Nobody wins when bureaucrats make health care decisions instead of patients

What is called “health insurance” in the U.S. is not insurance. People buy insurance to protect themselves against unlikely but costly risks, like having a car accident.

The purpose of purchasing automobile insurance is not to pay for routine maintenance costs; the purpose is to pay the huge costs that could arise if there is a car accident.

As opposed to covering true health risks (the costs of broken bones or surgeries), health insurance pays the costs for routine health events, such as a visit to a doctor, that are not health risks at all.

What we call health insurance is simply pre-paid health care funded by a third party payer (i.e. Medicare, Medicaid, or a private insurer).

A third-party payer system requires patients to grant the payer control over their personal health care decisions. Patients declining control over their own health care decisions under a third-party payer system creates an ever-widening array of arbitrary restrictions, many of which lead to health care policies that preclude a patient’s best health care option.

Medicare’s willingness to cover more expensive gastric-bypass surgery but not anti-obesity medicines that can achieve the same goal exemplifies the types of arbitrary restrictions that should be expected.

Medicare and many private insurers cover the costs of gastric bypass surgery for morbidly obese patients. And this makes sense. Obesity is associated with many chronic diseases such as diabetes, heart disease and hypertension.

The additional health care costs created by obesity are significant. The annual health care costs for obese people are $3,000 higher than the costs for non-obese people.

Controlling obesity saves patients’ lives and, in the long run, saves health care dollars. But if this is true, why would Medicare cover the costs of bypass surgery but not also cover obesity medicines that clinical evidence has shown can also result in significant weight loss for morbidly obese people?

Obesity drugs, like pharmaceutical drugs in general, may appear expensive but can lower the overall costs of treating an illness or condition.
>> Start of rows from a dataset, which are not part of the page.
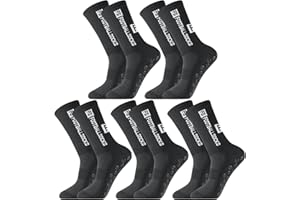Non Slip Sport Soccer Socks 2/3/5/6/8 Pairs Anti Slip Football Grip Unisex Athletic Sports Socks with Rubber Dots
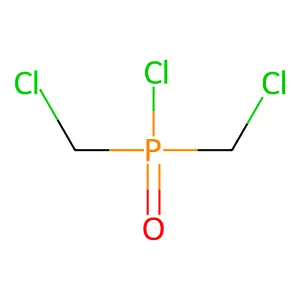 Phosphinic chloride, bis(chloromethyl)- structure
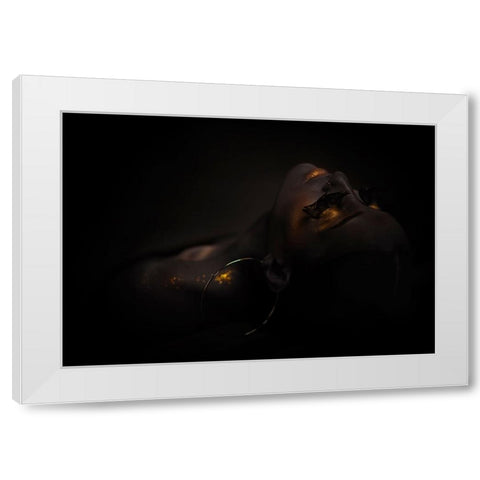 Cleopatra White Modern Wood Framed Art Print by Iltus, Maya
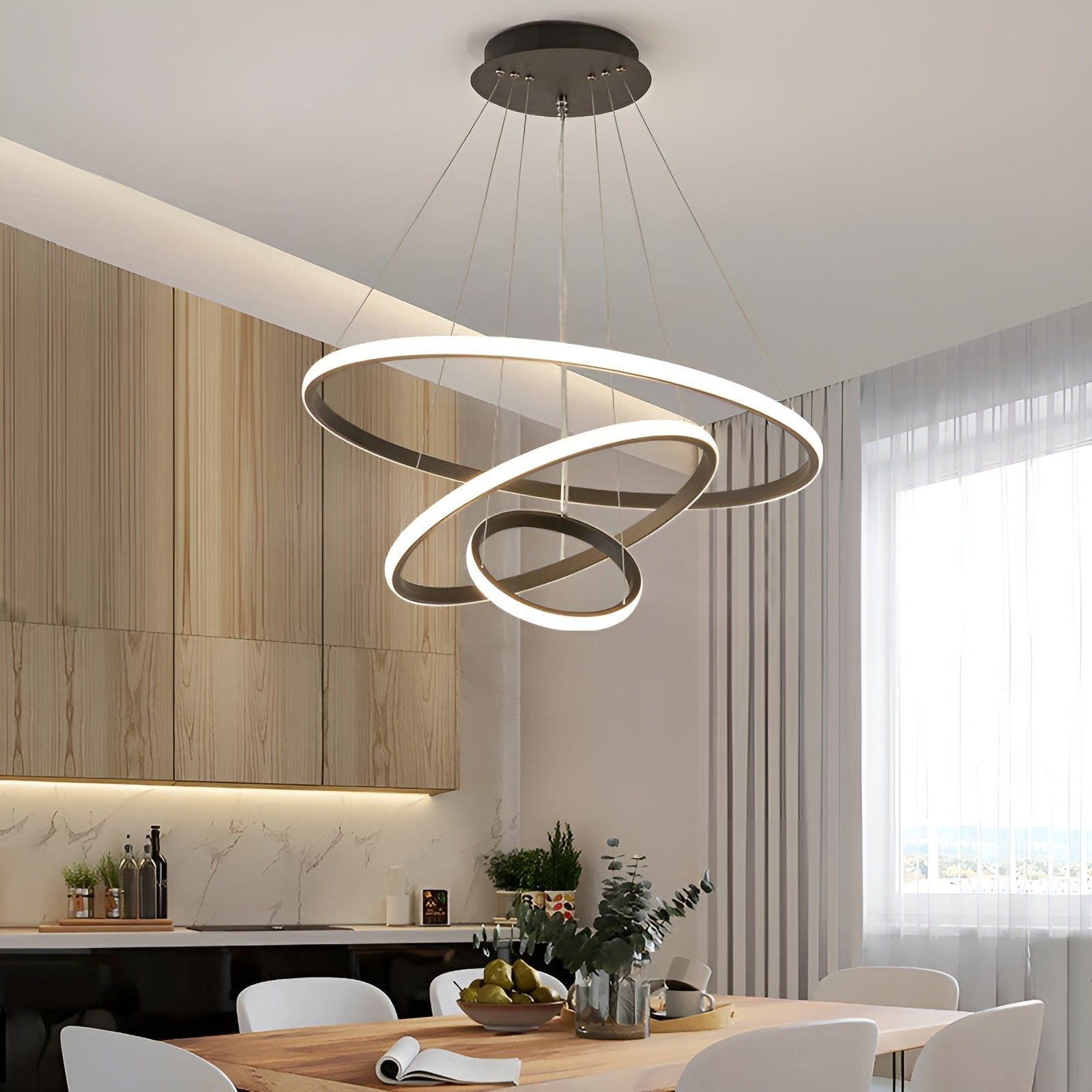 ChicSphere Light - Modernes LED Pendelleuchten Kronleuchter Elegare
For instance, gastric-bypass surgery can cost between $15,000 and $35,000, with the average price being $22,000.

The costs of obesity drugs are approximately $150 to $200 per month or $1,800 to $2,400 for a whole year.

If it makes sense for a payer to cover a surgical option to help a morbidly obese person lose weight, then it would logically make sense for Medicare to cover the costs of the pharmaceutical drugs that create similar benefits without the costly surgical procedure.

But arbitrary restrictions are the natural result of our current health care system where third-party payers have gained control over health care decisions at the expense of patients. This trend needs to be reversed.

The best way to control health care costs and increase health care quality is to empower patients. In coordination with their health care providers, patients should have both the responsibility and capability to establish the health care treatment that makes the most sense for them.

Nothing contained in this blog is to be construed as necessarily reflecting the views of the Pacific Research Institute or as an attempt to thwart or aid the passage of any legislation.